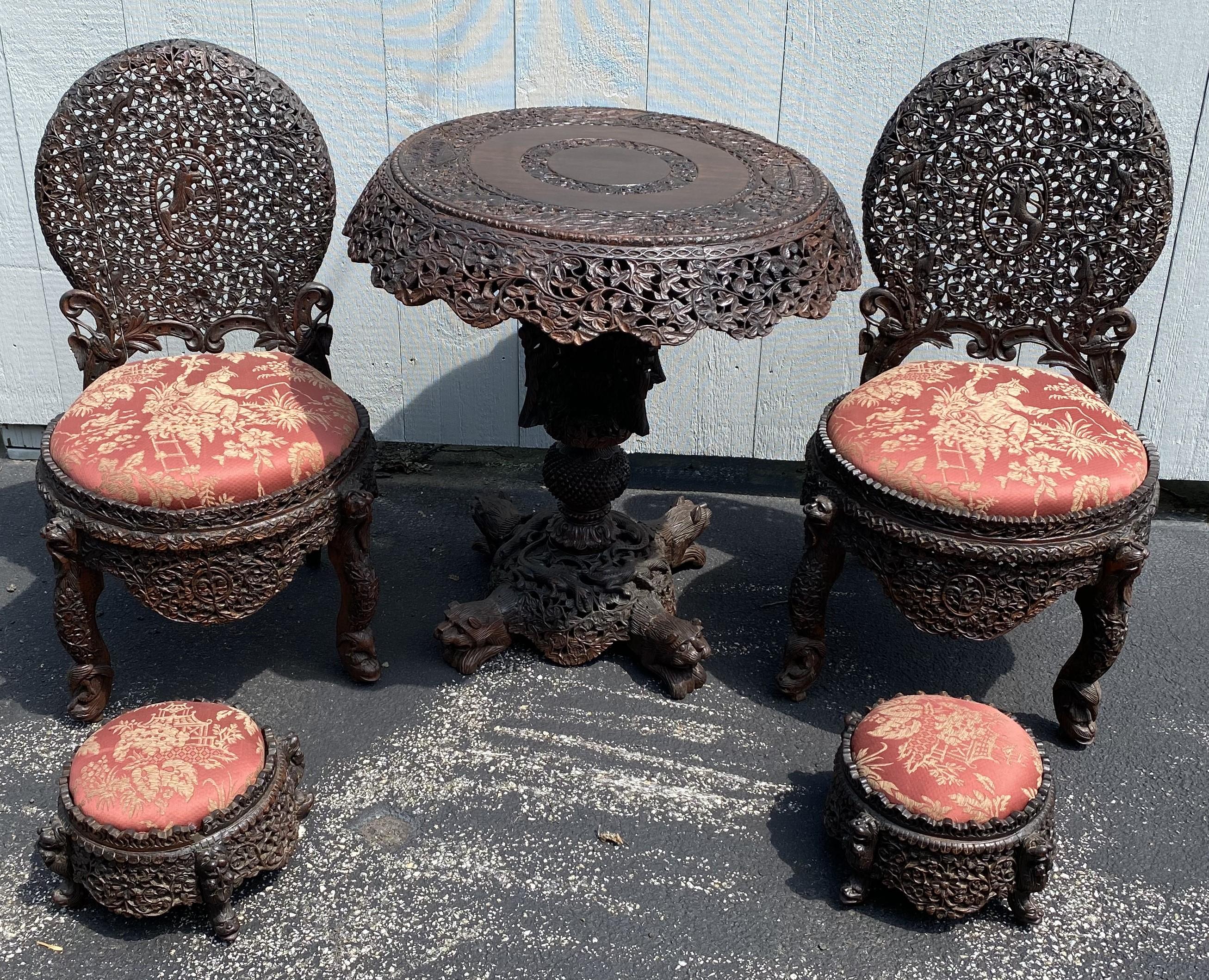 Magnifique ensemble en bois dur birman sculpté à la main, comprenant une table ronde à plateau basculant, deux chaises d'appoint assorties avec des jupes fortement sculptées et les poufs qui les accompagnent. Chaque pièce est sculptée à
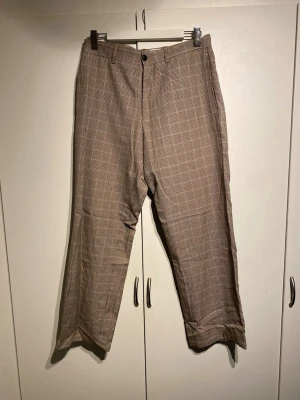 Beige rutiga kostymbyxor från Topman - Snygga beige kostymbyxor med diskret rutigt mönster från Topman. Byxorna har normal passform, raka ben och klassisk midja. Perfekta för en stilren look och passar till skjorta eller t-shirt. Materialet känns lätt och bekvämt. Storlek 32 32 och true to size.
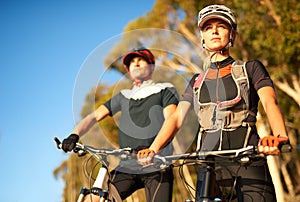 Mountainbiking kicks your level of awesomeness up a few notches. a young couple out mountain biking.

---

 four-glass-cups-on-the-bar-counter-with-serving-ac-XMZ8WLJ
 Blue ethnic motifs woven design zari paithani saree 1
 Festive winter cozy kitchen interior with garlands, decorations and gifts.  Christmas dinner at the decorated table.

Task statement: Locate the word "with" in the records and collect each line it appears in.

Exercise output:
 four-glass-cups-on-the-bar-counter-with-serving-ac-XMZ8WLJ
 Festive winter cozy kitchen interior with garlands, decorations and gifts.  Christmas dinner at the decorated table.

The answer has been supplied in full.